Sans oublier l’absurdité de la transplantation de jeunes Africains ou Asiatiques hors de leur propre environnement social et culturel. C’est d’abord sur place, en Afrique, en Orient, en Asie, que les pays européens devraient apporter une aide aux potentiels migrants, en octroyant des moyens significatifs de développement, sous contrôle totalement indépendant des pouvoirs locaux souvent corrompus.

De plus en plus, la coexistence dite multiculturelle entre groupes humains d’origines et de civilisations différentes se montre conflictuelle dans nos pays occidentaux aux multiples fragilités et au consensus social fracturé.  Malgré toutes les initiatives positives d’apprivoisement mutuel, le « vivre-ensemble » a du plomb dans l’aile.

Si les consciences humanistes sont à juste titre interpellées par les recommandations des instances internationales reconnaissant la détresse des réfugiés réellement menacés dans leur pays par la guerre, les violences ou la persécution religieuse, il apparaît que le système mis en place par les passeurs et les ONG ne fonctionne pas selon ces critères précis. Les médias jouent la carte de l’émotionnel auprès des opinions en ciblant des photos impliquant des enfants qui sont pourtant très minoritaires dans les embarcations de migrants.

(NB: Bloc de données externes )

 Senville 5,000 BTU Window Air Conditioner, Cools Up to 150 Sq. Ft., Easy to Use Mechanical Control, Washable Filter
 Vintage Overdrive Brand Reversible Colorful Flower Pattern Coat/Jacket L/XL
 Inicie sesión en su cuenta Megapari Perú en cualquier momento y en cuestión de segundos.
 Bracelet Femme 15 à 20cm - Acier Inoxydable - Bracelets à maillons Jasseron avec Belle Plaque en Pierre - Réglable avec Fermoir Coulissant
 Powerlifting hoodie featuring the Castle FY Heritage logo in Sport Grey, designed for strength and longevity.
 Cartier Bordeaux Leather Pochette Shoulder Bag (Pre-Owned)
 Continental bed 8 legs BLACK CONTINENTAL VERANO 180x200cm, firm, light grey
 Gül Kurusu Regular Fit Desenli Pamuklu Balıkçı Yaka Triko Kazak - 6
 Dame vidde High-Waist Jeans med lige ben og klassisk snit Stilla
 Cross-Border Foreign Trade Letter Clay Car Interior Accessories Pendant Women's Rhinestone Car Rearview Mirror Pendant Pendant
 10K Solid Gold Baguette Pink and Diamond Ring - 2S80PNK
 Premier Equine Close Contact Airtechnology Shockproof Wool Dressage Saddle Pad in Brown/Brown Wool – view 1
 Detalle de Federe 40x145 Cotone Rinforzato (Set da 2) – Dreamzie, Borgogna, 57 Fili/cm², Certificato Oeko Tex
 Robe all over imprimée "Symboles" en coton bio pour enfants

Rocard l’avait dit en son temps : impossible d’accueillir toute la misère du monde !

De ce fait, lorsque certains discours, (angélisme gauchiste ou ecclésiastique) tendent à globaliser par avance les mécaniques migratoires, et à écarter d’emblée de manière compassionnelle tout discernement dans les problématiques, cela veut dire qu’on abandonne arbitrairement toute maîtrise des flux grandissants. 

Peut-on continuer de laisser croire à un accueil inconditionnel et illimité sans analyser ce qui se joue derrière ces transbordements ? S’il est vrai qu’une proportion minime d’individus et de groupes fuient des conjonctures de guerre et de persécution, d’autres – l’immense majorité – viennent tenter leur chance dans des économies généreuses où les aides sociales restent attractives et substantielles.

Ainsi, depuis une quarantaine d’années, des millions d’individus provenant majoritairement de pays musulmans en crise ont migré et se sont installés dans les cités des nations européennes de civilisation judéo-chrétienne. Un tel transfert de population allogène en si peu de temps ne s’était jamais produit auparavant sur le vieux continent.

Les conséquences de ces colonies massives de peuplement en période de dénatalité occidentale n’ont pas été évaluées lucidement par les dirigeants auxquels les citoyens ont confié la défense de leurs personnes et de leurs biens. Un impressionnant transfert de population est en cours sur fond de menaces multiples. Il suffit de constater cette impression d’étrangeté que l’on ressent dans les rues et les marchés des grandes villes d’Europe ainsi que dans les transports en commun.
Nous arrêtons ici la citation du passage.